IL DIBATTITO IN AULA
Terminate le consultazioni in commissione, la proposta di legge approda in aula ed inizia il dibattito tra i consiglieri. La Giunta dà un parere positivo o negativo sulla proposta di legge, di cui l’aula tiene conto. «Ogni consigliere ha il diritto di intervenire nella discussione e lo fa seguendo le regole del dibattito democratico. In democrazia, la forma è anche sostanza», ha sottolineato Sartori. Le tempistiche degli interventi sono descritte nei regolamenti d’aula. Il presidente del Consiglio provinciale è la figura titolata a far rispettare queste regole. La minoranza può avvalersi dello strumento dell’ostruzionismo: si presentano tantissimi emendamenti (a volte migliaia) per rallentare l’approvazione della legge. Ma ci sono alcune tipologie di legge che sono “protette” dall’ostruzionismo: ad esempio le leggi di bilancio o i disegni di legge dichiarati urgenti. In quei casi i tempi di discussione possono essere contingentati, ma gli emendamenti devono essere comunque vagliati, pur in maniera sintetica. Si arriva poi al voto finale. «Se la legge è bocciata, il consigliere proponente potrebbe anche riproporla, ma non è consuetudine – ha indicato Sartori. Capita invece che il Consiglio non voglia né approvare né bocciare una legge: in quei casi si può decidere di rimandarla nelle commissioni per un supplemento di discussione». Se la legge è approvata, viene promulgata dal presidente della Provincia e passa attraverso un ulteriore raffinamento formale da parte degli uffici legislativi e poi viene pubblicata sul bollettino provinciale.

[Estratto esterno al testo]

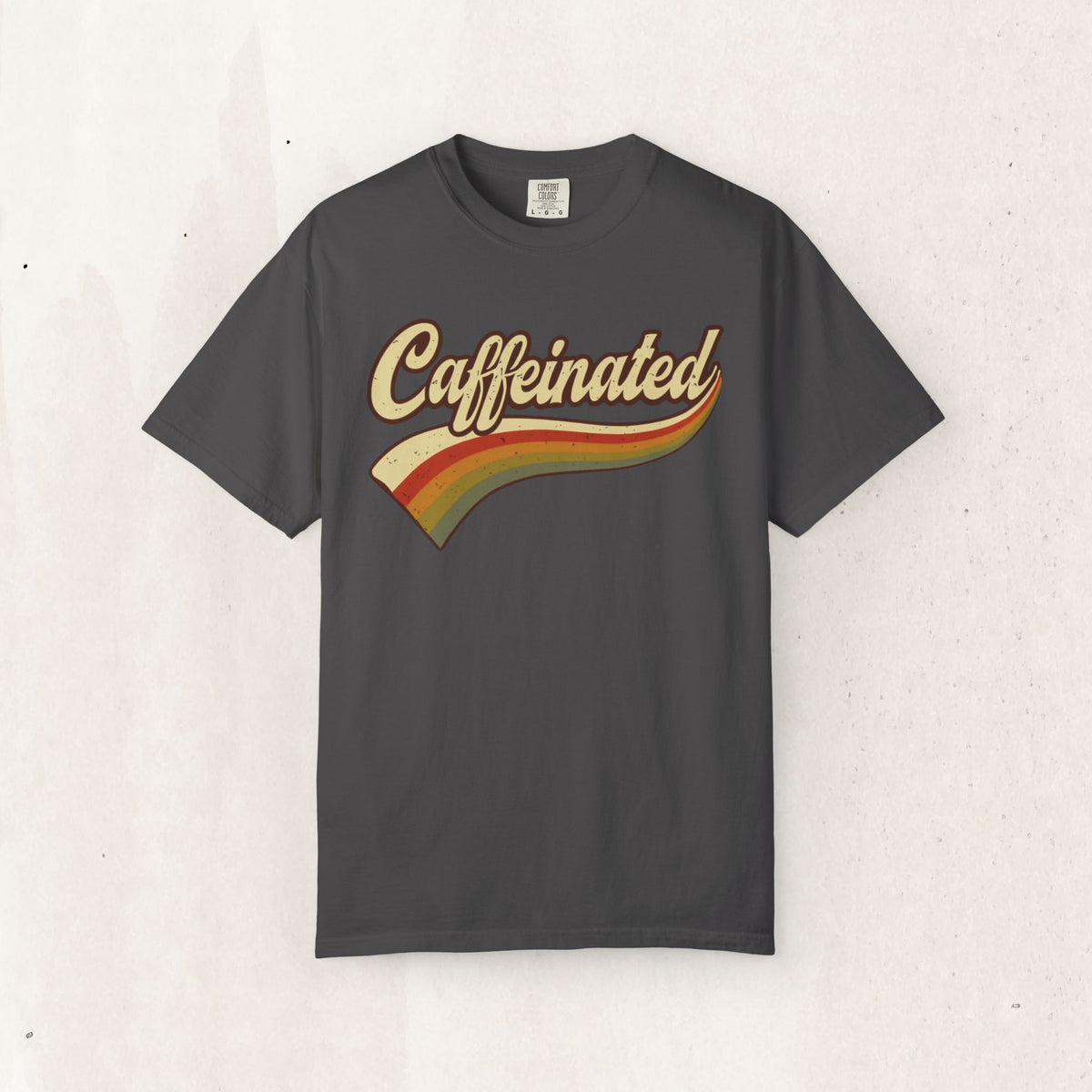 Caffeinated Retro Stripe Tee
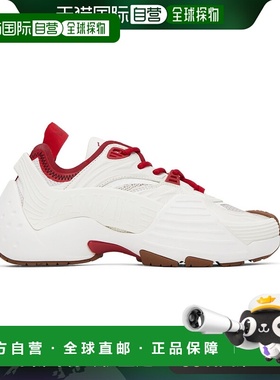 1h可退 香港直邮潮奢 Lanvin 朗雯 女士 独家发售白色 Flash-X 运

STRUMENTI DI DEMOCRAZIA DIRETTA
«Esistono istituti di democrazia diretta con cui i cittadini possono presentare le leggi di iniziativa popolare», ha sottolineato Sartori. Una volta raccolte 2500 firme (500 se riguarda le minoranze linguistiche), i gruppi di cittadini possono presentare le loro proposte. In generale, è il presidente insieme alla conferenza dei capigruppo, ovvero l’organo che raccoglie i coordinatori delle forze politiche rappresentate in Consiglio, che valuta quando inserire in calendario una legge di iniziativa popolare. Successivamente, viene calendarizzata la discussione nelle commissioni e poi la proposta di legge di iniziativa popolare può approdare in aula. Se il Consiglio non inizia l’esame in commissione della proposta entro ventiquattro mesi dalla presentazione, essa è sottoposta a referendum popolare; se l’esito è favorevole e ha partecipato al referendum almeno il 50 per cento degli aventi diritto al voto, la legge viene promulgata.
IL RUOLO DEGLI UFFICI
«Il ruolo del personale del servizio legislativo è importante per assicurare una corretta costruzione delle leggi, ma, al di fuori dei casi in cui si ragiona su aspetti giuridici quali la legittimità di una norma, è indispensabile per un “tecnico” scindere le proprie opinioni da quelle del politico con cui si interagisce», riflette Sartori. «Ognuno di noi ha un suo portato di idee, ma il prerequisito per fare questo lavoro è spogliarsi delle proprie opinioni perché siamo consapevoli che il dovere dell’indirizzo politico è facoltà dell’eletto, ha una legittimazione dal voto popolare che noi “tecnici” non abbiamo. Per questo i nostri sono solo suggerimenti, consigli, mai sostituzioni di idee».